● **What the exercise asks**: Write out the entries below exactly, starting at the first line and stopping after the line that contains "2016 Subaru Forester"; skip all pictures.

[Image-caption web data]
━━━━━━━━━━━━━━━━━━━━━━━━━━━━━━

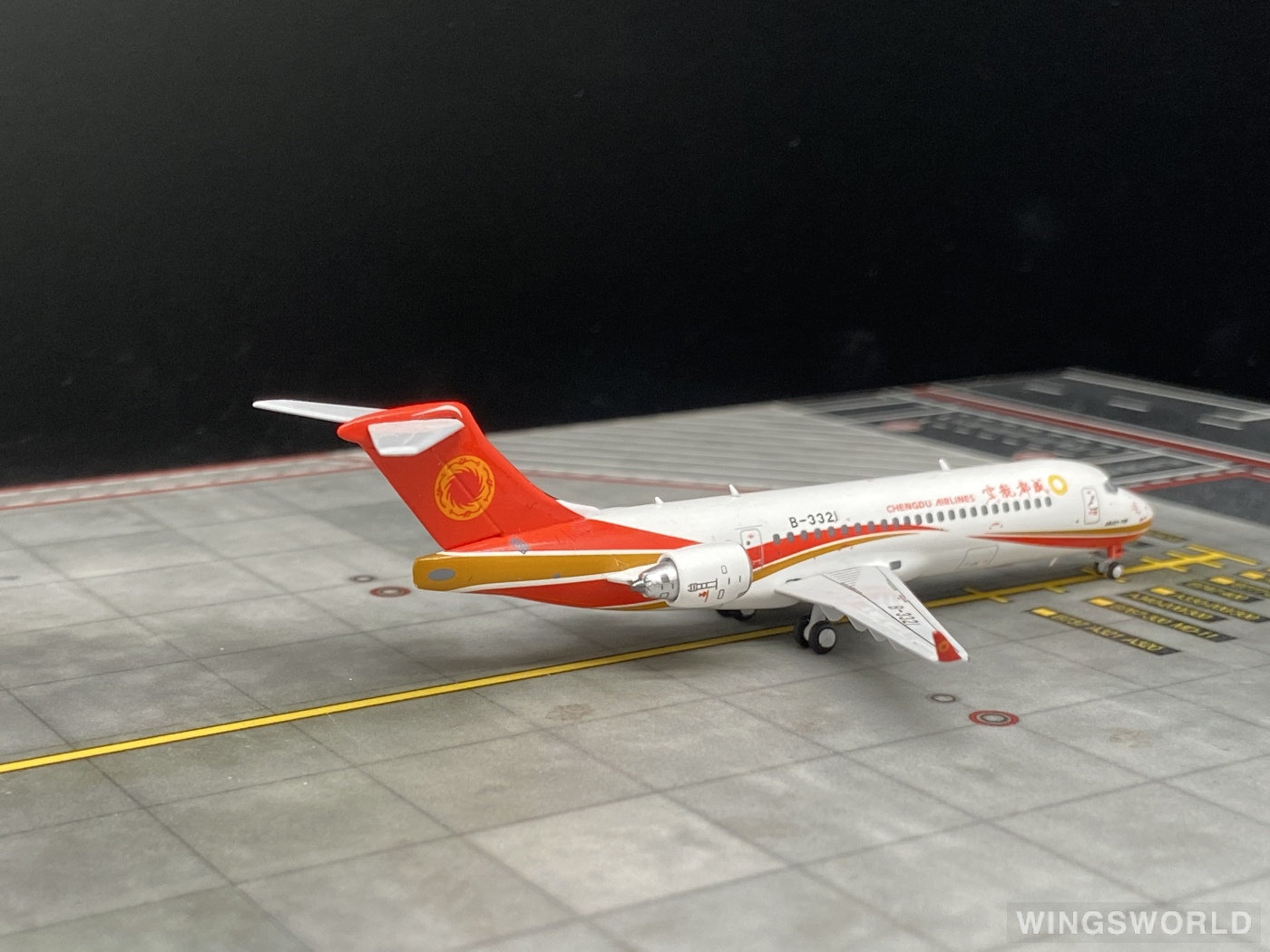 Pandamodel 1:400 PMB3321 Chengdu Airlines 成都航空 Comac ARJ21-700 B-3321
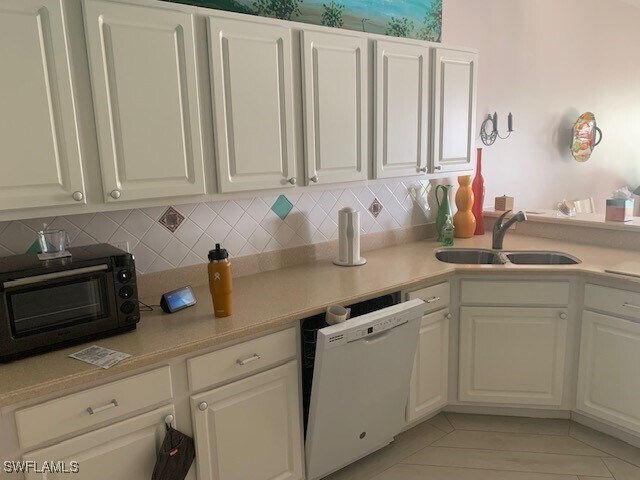 Building Photo - 14560 Grande Cay Cir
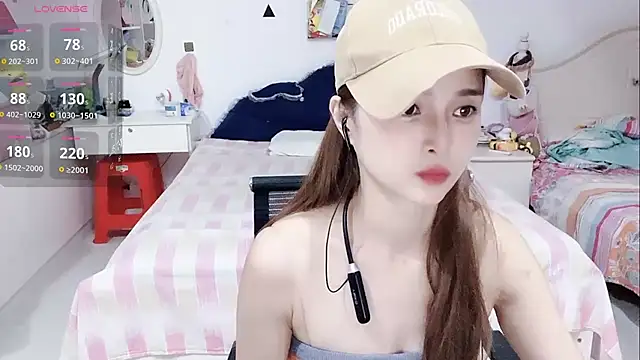 miaomiao-99's Live XXX Chat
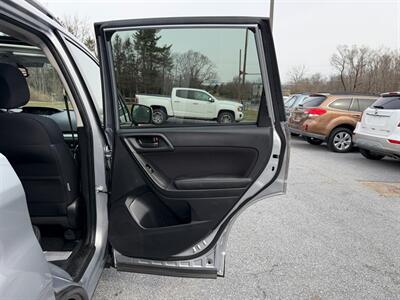 2016 Subaru Forester 2.5i Premium   - Photo 14 - Jonestown, PA 17038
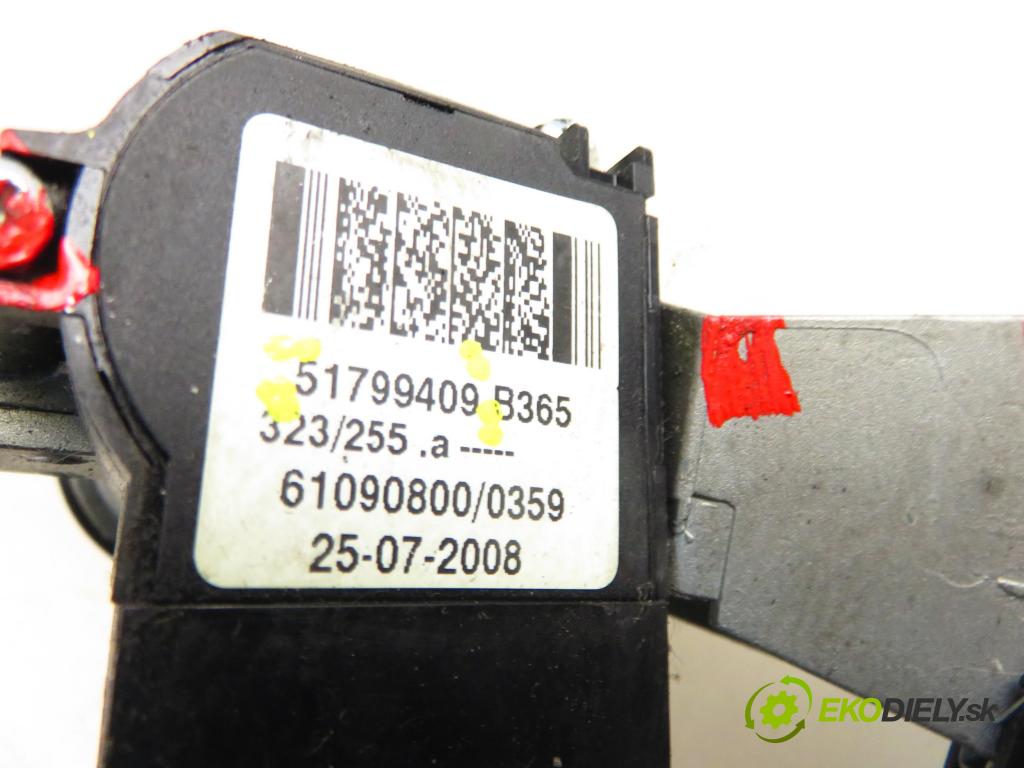CITROEN NEMO Skrzynia (AA_) FURGON 2008 50,00 1.4 HDi - 8HS (DV4TED) 1398,00 spínačka 51799409 (Spínací skříňky a klíče)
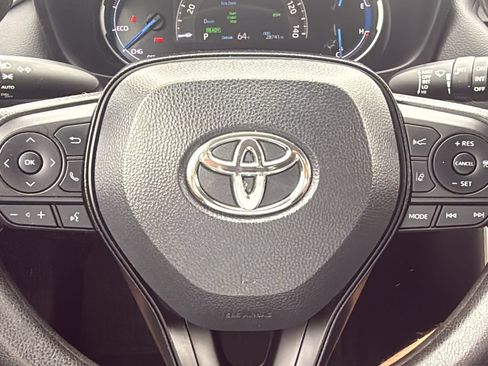 Certified 2025 Toyota RAV4 XLE AWD/4WD image 12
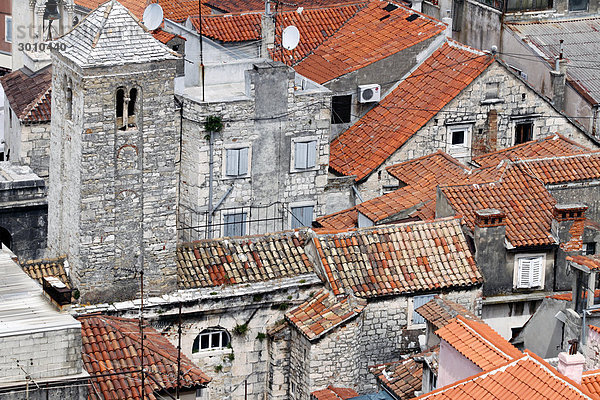 Über den Dächern von Splits Altstadt  Kroation  Vogelperspektive
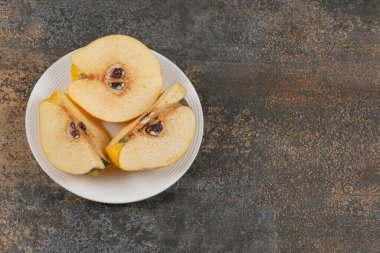 Beyaz tabakta sarı ayva dilimleri. Yüksek kalite fotoğraf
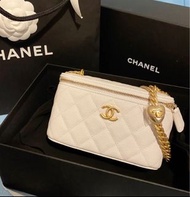 Chanel 23p 心心鏈白色長盒子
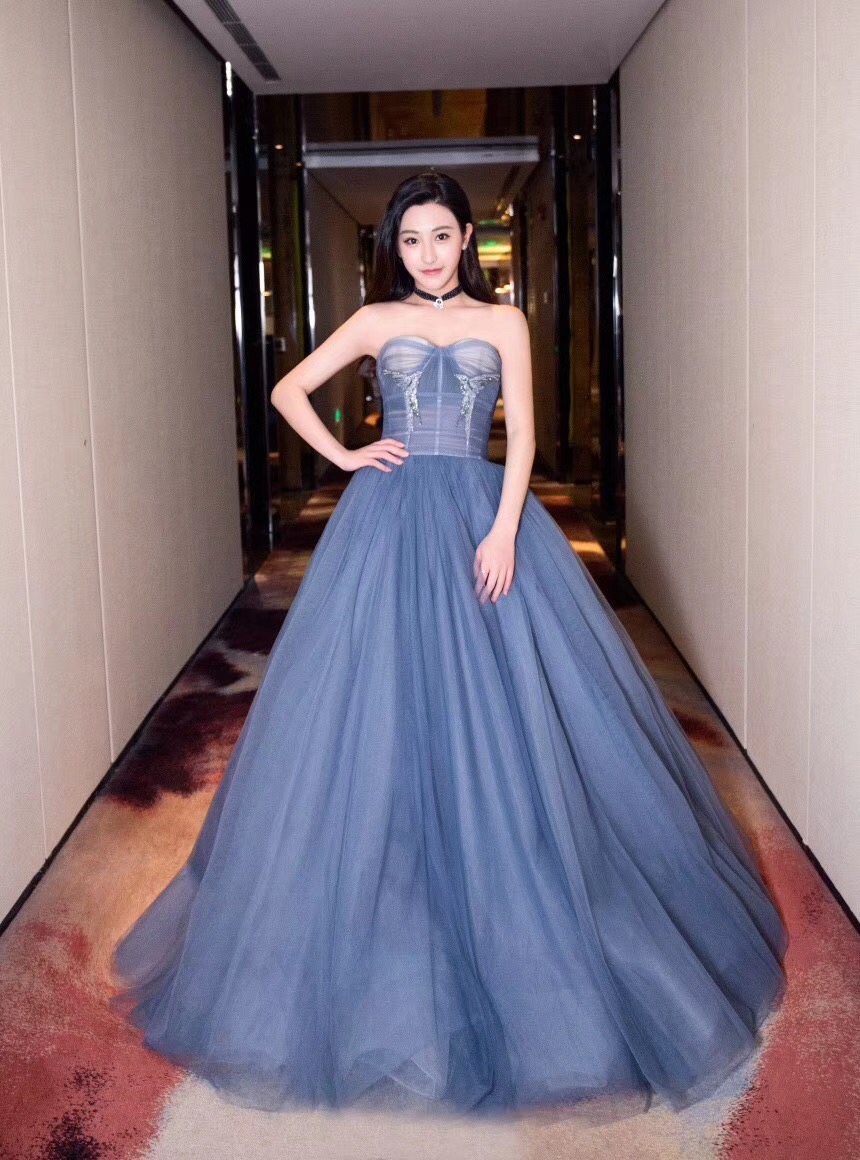 摩卡婚纱女皇---蓝色轻纱晚礼服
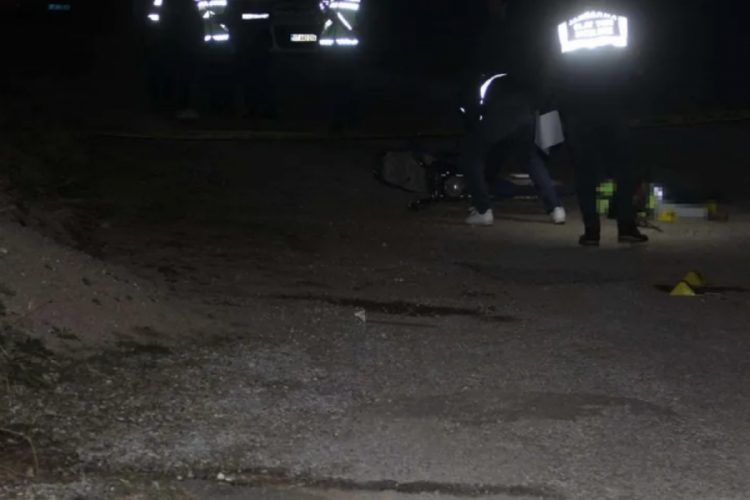 &Ccedil;anakkale'de motosikletteki iki kişi pusu kurularak &ouml;ld&uuml;r&uuml;ld&uuml;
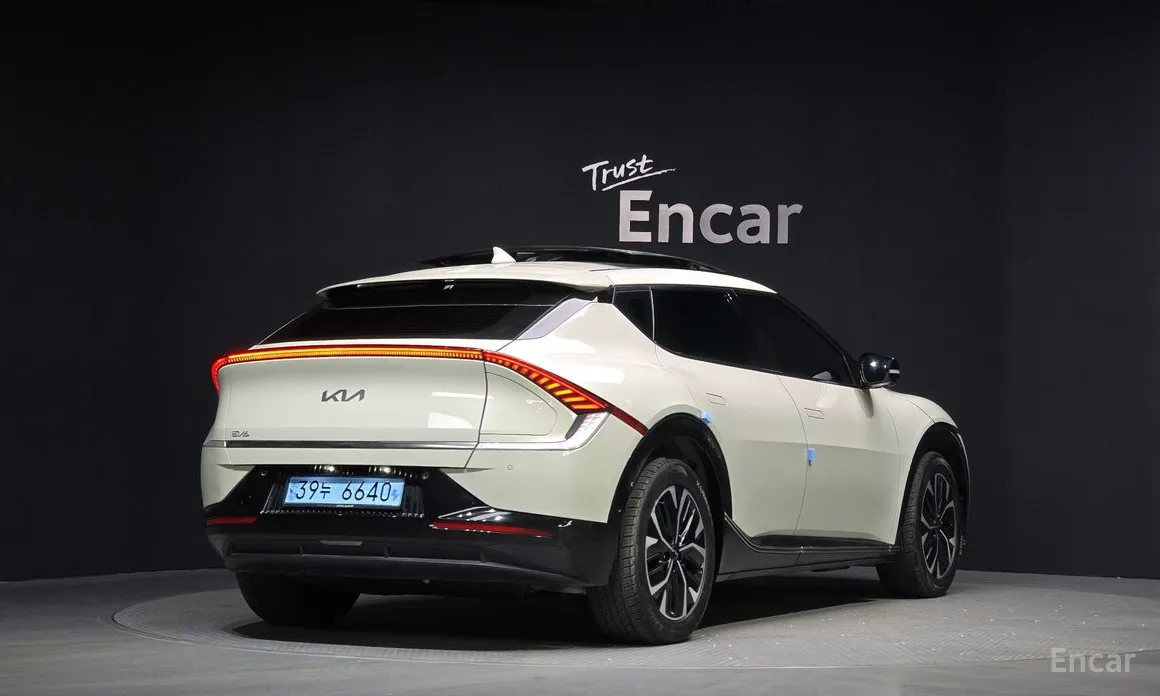 Фото 2 - Kia EV6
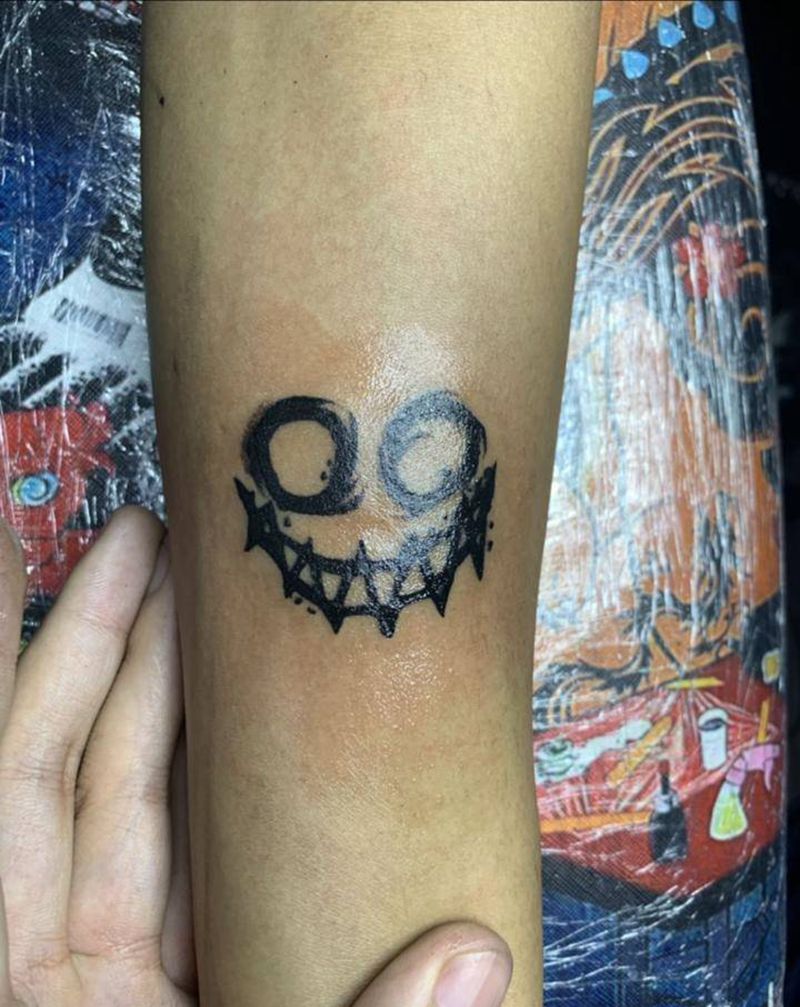 搞怪脸纹身图片_手臂新传统纹身图案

━━━━━━━━━━━━━━━━━━━━━━━━━━━━━━

● **Written answer**:
 Pandamodel 1:400 PMB3321 Chengdu Airlines 成都航空 Comac ARJ21-700 B-3321
 Building Photo - 14560 Grande Cay Cir
 miaomiao-99's Live XXX Chat
 2016 Subaru Forester 2.5i Premium   - Photo 14 - Jonestown, PA 17038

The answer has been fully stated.